HOUSTON – An early bet on hydraulic fracturing turned U.S. Silica’s sleepy sand mining business into one that’s growing more like a tech startup than an industrial supplier.
The Maryland miner, a $2.2 billion public company that six years ago was bought by a fixer-upper investment shop for $300 million, digs up white sand from Wisconsin and Minnesota used in mortar and grout, automobile parts, iPhone Gorilla Glass and even toothpaste. Its sand is also one of the ingredients in the mixture of water and chemicals that oil companies use to break open shale rock.
The oil industry’s appetite for sand is growing, but it’s also changing, requiring on-the-spot deliveries of sand to frac sites through networks of rail cars and storage silos. That means the need for speed, scale and financial muscle to handle logistics could spur a wave of mergers and acquisitions among frac sand providers in future years, said Michael Lawson, director of investor relations for U.S. Silica, in a recent interview with Fuelfix.
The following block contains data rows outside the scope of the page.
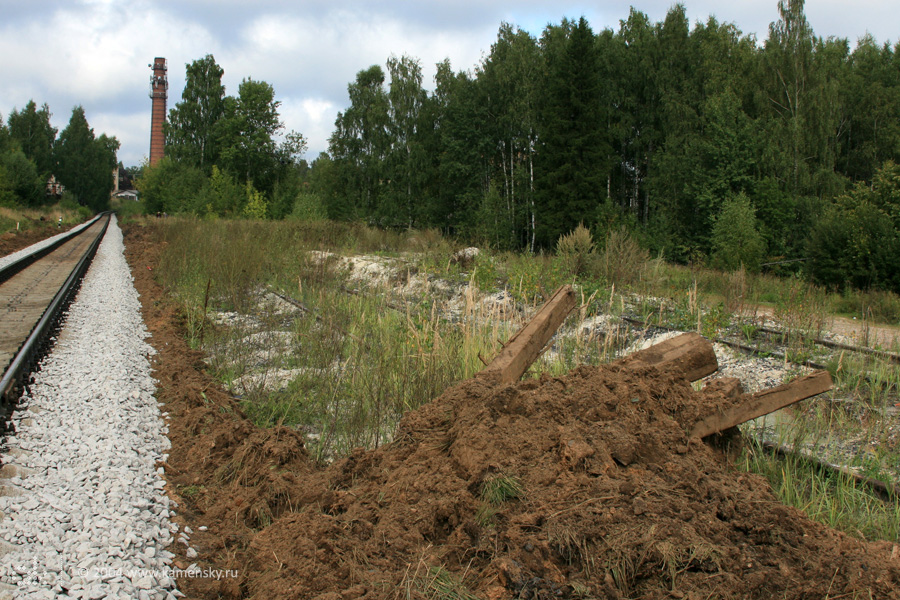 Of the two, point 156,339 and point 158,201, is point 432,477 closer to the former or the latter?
point 156,339

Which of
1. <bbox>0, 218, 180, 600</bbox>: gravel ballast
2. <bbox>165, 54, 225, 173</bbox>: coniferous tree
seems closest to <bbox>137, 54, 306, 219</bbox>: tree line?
<bbox>165, 54, 225, 173</bbox>: coniferous tree

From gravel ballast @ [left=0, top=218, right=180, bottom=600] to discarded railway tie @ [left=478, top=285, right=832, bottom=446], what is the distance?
2.08 meters

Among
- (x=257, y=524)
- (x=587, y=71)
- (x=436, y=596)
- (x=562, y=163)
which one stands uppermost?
(x=587, y=71)

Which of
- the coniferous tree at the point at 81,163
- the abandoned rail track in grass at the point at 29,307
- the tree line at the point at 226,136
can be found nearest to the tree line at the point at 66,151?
the coniferous tree at the point at 81,163

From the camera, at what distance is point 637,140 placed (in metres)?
32.3

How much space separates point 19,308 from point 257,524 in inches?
364

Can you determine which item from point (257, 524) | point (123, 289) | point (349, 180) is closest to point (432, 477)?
point (257, 524)

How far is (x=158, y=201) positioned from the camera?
208 feet

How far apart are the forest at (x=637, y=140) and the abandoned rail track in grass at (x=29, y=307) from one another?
30.6 feet

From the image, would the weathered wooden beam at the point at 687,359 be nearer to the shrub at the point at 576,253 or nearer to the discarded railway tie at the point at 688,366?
the discarded railway tie at the point at 688,366

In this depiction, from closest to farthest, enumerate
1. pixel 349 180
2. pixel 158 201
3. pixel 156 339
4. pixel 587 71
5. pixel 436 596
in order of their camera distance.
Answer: pixel 436 596 < pixel 156 339 < pixel 587 71 < pixel 349 180 < pixel 158 201

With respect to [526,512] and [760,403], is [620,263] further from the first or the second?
[526,512]

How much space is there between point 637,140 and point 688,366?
31.5m

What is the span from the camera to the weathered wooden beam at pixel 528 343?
3.78 m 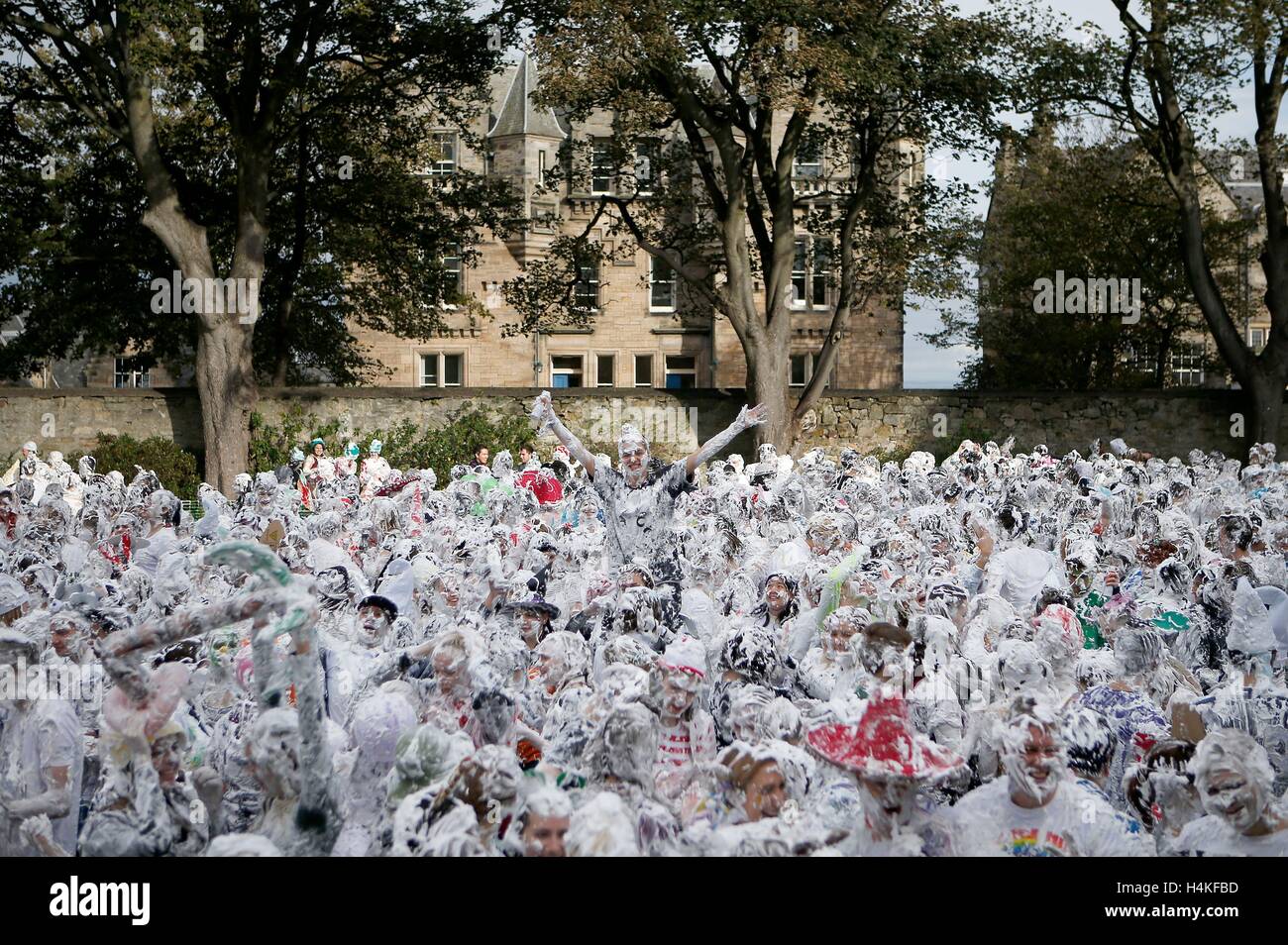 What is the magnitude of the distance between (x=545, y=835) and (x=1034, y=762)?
1511mm

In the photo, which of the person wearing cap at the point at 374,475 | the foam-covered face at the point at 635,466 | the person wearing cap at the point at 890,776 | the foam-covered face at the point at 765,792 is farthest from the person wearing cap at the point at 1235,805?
the person wearing cap at the point at 374,475

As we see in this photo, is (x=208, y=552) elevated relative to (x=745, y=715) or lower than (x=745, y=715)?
elevated

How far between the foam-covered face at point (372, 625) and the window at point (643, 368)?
38.2 m

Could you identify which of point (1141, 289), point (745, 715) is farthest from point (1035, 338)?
point (745, 715)

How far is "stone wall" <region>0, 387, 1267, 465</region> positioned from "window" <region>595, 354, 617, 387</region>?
16.7 metres

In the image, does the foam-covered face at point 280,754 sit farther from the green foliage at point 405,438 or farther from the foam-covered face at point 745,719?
the green foliage at point 405,438

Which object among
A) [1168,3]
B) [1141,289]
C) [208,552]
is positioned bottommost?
[208,552]

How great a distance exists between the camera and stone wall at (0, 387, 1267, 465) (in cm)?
2817

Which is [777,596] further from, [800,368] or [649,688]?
[800,368]

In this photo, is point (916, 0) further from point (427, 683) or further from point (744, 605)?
point (427, 683)

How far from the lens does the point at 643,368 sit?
4619cm

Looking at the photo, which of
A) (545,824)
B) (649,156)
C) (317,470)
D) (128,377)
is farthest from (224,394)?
(128,377) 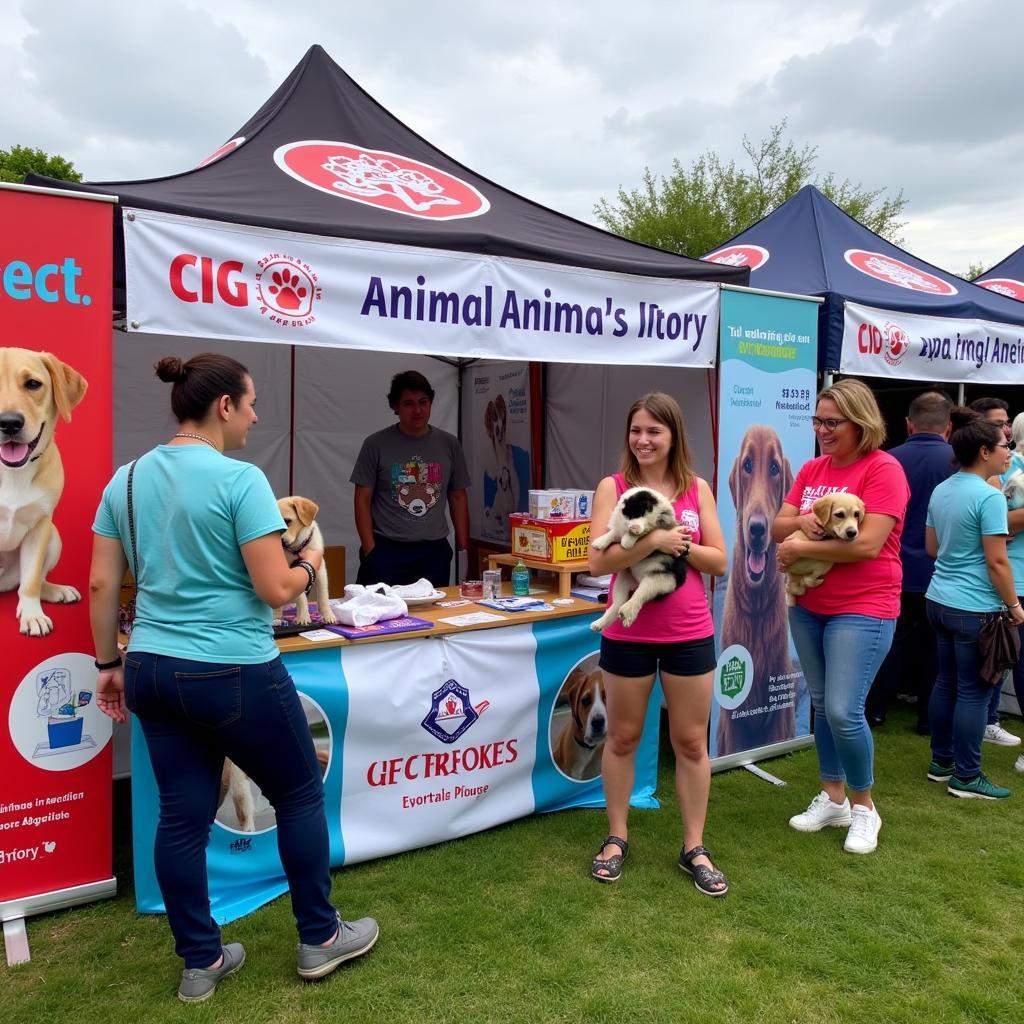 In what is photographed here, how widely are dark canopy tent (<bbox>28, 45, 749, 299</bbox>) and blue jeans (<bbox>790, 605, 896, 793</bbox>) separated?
4.98 feet

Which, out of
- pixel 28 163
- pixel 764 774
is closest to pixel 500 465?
pixel 764 774

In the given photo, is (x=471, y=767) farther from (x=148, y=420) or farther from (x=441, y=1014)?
(x=148, y=420)

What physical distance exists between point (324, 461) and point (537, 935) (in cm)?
353

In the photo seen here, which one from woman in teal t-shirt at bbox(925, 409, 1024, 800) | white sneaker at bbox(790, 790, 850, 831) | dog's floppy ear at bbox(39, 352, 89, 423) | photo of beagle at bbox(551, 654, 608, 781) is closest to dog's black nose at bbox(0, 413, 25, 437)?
dog's floppy ear at bbox(39, 352, 89, 423)

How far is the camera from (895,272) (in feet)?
16.1

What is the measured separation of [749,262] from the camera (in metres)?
4.97

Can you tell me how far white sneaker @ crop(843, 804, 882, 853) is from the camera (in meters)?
2.90

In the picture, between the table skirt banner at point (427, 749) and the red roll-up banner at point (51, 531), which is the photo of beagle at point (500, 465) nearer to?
the table skirt banner at point (427, 749)

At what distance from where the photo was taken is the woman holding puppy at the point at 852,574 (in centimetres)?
271

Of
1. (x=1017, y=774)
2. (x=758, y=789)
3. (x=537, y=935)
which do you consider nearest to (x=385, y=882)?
(x=537, y=935)

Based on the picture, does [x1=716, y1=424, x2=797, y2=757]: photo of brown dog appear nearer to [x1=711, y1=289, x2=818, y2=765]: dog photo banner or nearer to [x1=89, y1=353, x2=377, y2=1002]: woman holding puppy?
[x1=711, y1=289, x2=818, y2=765]: dog photo banner

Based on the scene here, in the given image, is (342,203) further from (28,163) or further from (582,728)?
(28,163)

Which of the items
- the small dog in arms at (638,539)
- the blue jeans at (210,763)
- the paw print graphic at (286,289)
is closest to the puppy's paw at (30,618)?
the blue jeans at (210,763)

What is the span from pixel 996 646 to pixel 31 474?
3.45 m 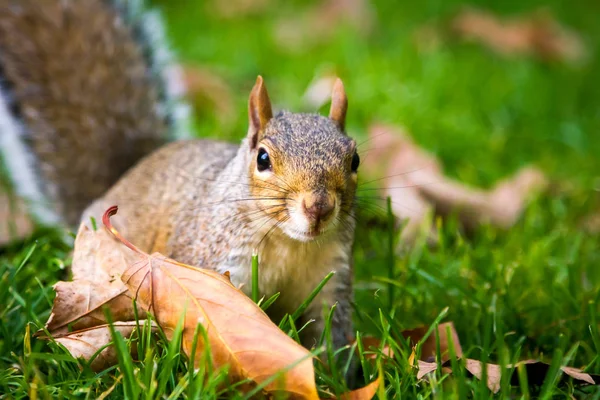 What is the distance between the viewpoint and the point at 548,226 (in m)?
2.19

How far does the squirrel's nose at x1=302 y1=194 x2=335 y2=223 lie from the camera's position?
1.27 m

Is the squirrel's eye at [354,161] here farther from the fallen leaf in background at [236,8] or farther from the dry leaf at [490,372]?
the fallen leaf in background at [236,8]

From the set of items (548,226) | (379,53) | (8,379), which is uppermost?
(379,53)

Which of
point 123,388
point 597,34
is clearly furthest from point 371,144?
point 597,34

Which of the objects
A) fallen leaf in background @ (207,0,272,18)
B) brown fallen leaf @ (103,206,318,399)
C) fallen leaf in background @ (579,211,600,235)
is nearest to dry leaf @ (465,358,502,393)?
brown fallen leaf @ (103,206,318,399)

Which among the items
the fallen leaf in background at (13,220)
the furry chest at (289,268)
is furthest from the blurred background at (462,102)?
the fallen leaf in background at (13,220)

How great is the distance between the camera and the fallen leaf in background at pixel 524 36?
3858 millimetres

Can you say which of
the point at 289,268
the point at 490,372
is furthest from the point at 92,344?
the point at 490,372

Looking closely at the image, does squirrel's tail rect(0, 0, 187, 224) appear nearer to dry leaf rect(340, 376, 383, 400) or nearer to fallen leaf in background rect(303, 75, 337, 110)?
fallen leaf in background rect(303, 75, 337, 110)

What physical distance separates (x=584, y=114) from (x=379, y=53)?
0.89 m

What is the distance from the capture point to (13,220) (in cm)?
192

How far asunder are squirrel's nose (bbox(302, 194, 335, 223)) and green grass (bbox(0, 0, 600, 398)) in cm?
19

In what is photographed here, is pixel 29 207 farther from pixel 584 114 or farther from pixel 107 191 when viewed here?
pixel 584 114

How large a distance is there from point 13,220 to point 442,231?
1056mm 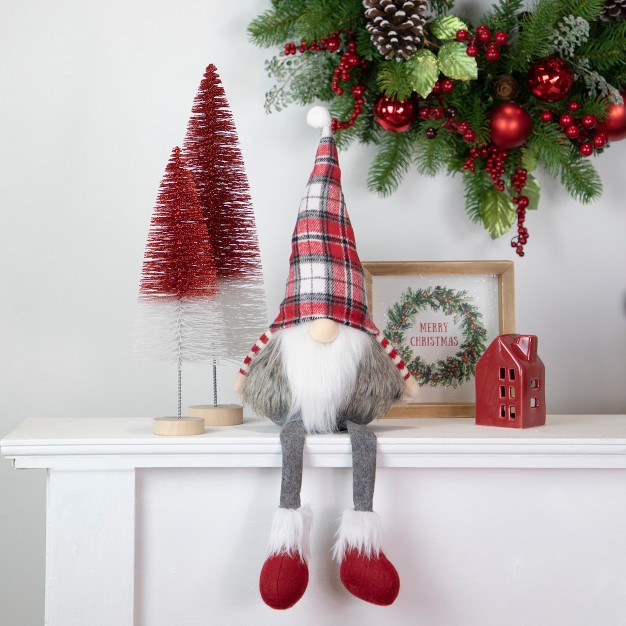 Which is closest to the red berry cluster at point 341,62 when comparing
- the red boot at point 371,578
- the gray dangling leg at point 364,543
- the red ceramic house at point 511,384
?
the red ceramic house at point 511,384

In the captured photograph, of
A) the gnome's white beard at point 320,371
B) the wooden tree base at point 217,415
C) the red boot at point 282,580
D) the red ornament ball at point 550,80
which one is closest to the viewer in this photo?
the red boot at point 282,580

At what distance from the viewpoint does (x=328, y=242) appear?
89 centimetres

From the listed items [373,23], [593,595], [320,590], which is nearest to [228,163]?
[373,23]

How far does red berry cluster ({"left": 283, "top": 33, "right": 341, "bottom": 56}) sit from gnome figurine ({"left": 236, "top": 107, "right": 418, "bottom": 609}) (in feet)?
0.71

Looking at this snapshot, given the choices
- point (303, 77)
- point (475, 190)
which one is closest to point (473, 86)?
point (475, 190)

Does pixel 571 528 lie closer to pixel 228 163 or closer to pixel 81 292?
pixel 228 163

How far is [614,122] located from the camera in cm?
113

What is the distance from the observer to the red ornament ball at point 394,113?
112cm

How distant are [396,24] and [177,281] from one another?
0.49 metres

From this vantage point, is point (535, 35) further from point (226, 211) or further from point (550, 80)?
point (226, 211)

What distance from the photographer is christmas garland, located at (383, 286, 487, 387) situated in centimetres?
109

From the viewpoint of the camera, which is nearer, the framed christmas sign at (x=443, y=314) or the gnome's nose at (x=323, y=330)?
the gnome's nose at (x=323, y=330)

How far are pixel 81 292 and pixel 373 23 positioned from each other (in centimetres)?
62

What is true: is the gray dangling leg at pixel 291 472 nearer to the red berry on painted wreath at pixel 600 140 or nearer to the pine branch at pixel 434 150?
the pine branch at pixel 434 150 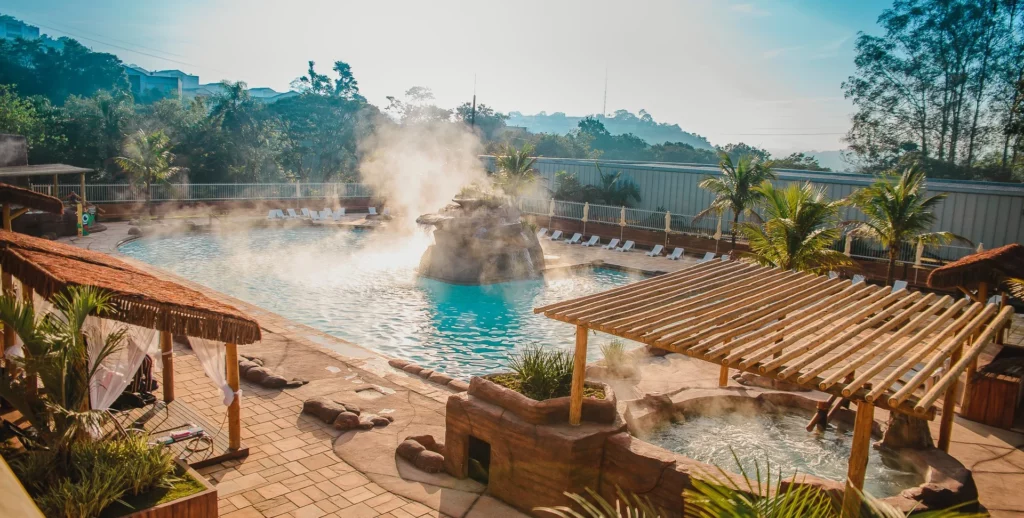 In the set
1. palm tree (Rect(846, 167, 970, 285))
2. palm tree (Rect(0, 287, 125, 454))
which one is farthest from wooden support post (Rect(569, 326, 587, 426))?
palm tree (Rect(846, 167, 970, 285))

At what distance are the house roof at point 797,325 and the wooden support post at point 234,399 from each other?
3310 mm

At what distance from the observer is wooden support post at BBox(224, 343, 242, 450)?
7559 mm

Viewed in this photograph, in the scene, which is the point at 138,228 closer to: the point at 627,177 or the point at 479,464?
the point at 627,177

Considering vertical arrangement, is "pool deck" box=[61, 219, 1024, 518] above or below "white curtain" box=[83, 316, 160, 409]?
below

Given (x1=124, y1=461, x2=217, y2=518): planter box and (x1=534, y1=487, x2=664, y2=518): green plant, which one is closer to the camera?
(x1=534, y1=487, x2=664, y2=518): green plant

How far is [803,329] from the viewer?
6832 millimetres

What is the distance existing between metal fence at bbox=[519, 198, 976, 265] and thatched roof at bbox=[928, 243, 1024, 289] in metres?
9.19

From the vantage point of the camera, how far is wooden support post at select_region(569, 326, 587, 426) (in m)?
6.99

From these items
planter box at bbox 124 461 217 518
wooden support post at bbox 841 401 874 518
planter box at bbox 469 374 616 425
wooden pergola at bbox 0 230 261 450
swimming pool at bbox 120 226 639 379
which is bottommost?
swimming pool at bbox 120 226 639 379

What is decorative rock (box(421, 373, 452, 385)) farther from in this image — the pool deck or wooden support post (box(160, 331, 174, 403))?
wooden support post (box(160, 331, 174, 403))

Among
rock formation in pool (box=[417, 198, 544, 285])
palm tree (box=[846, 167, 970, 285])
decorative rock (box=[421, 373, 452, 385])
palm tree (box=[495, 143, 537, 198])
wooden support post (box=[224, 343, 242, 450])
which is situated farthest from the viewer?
palm tree (box=[495, 143, 537, 198])

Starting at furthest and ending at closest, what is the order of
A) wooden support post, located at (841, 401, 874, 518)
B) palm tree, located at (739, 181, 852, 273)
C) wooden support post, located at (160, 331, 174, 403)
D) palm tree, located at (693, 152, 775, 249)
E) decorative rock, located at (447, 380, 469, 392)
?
palm tree, located at (693, 152, 775, 249) < palm tree, located at (739, 181, 852, 273) < decorative rock, located at (447, 380, 469, 392) < wooden support post, located at (160, 331, 174, 403) < wooden support post, located at (841, 401, 874, 518)

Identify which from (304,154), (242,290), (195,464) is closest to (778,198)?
(195,464)

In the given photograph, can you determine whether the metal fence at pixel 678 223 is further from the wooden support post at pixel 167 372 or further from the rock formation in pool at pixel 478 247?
the wooden support post at pixel 167 372
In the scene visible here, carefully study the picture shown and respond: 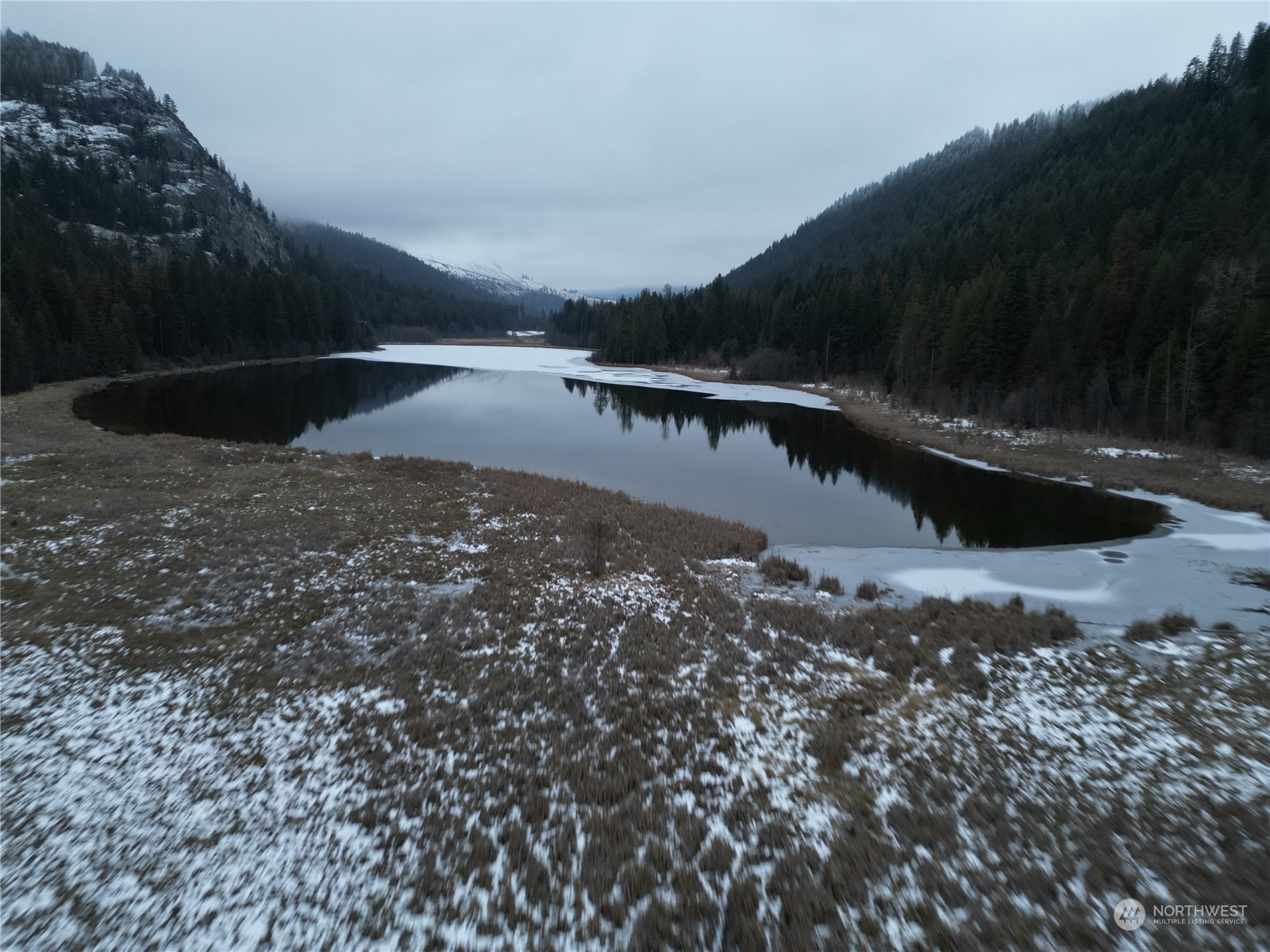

“We are looking to be a consolidator,” Lawson said. “We have an active pipeline of things we’re looking at.”
Lately, oil companies have figured out they can dramatically boost their oil well output by increasing their dosages of sand from 2,500 tons to 5,000 or 10,000 tons for every frac job, and U.S. Silica projects the U.S. market for frac sand will grow 30 percent this year alone.
It competes with a handful of U.S. sand miners like $1.7 billion Emerge Energy Services, $1.6 billion Fairmount Santrol and the $1.5 billion Hi-Crush Partners, as well as two large private equity-backed firms. U.S. Silica and its three publicly traded rivals all saw Wall Street debuts in the past two years.
A burst of horizontal drilling in West Texas has eased a supply glut in fracturing pumps, and that has started to change sand buying patterns in U.S. shale basins, as pressure pumpers move from contracts to faster, more competitive spot work. Pressure pumpers from Halliburton to C&J Energy Services can no longer wait weeks for sand to arrive in smaller trucks loads: they’re buying more sand that’s moved from mines by train and stored at the oil patch.
“At the beginning of 2012 we were sending about 5 percent of our oil and gas (sand) volumes out in the basin through train loads and terminals,” Lawson said. “Now we’re selling 70 percent of our oil and gas volumes out in the basin. So you need to have the balance sheet so you can do that. The small guys don’t have that.”
Frac sand providers need to have access to multiple railroads because customers want flexibility, and the capability to send sand to the Marcellus Shale in Pennsylvania one day and the next to the Eagle Ford Shale or the Permian Basin in Texas. U.S. Silica, he said, has about 7,000 rail cars, and it snapped up a small frac sand provider, Voca, Texas-based Cadre Services, for about $98 million earlier this year.
“I expect at some point we’re going to see consolidation in the industry,” he said. “I mean, in today’s market, people have stars in their eyes because the frac sand market is red hot, and everyone wants profits for not only this year but for the next 10 years. In a couple of years you could see a blockbuster, maybe two of the big six merging together.”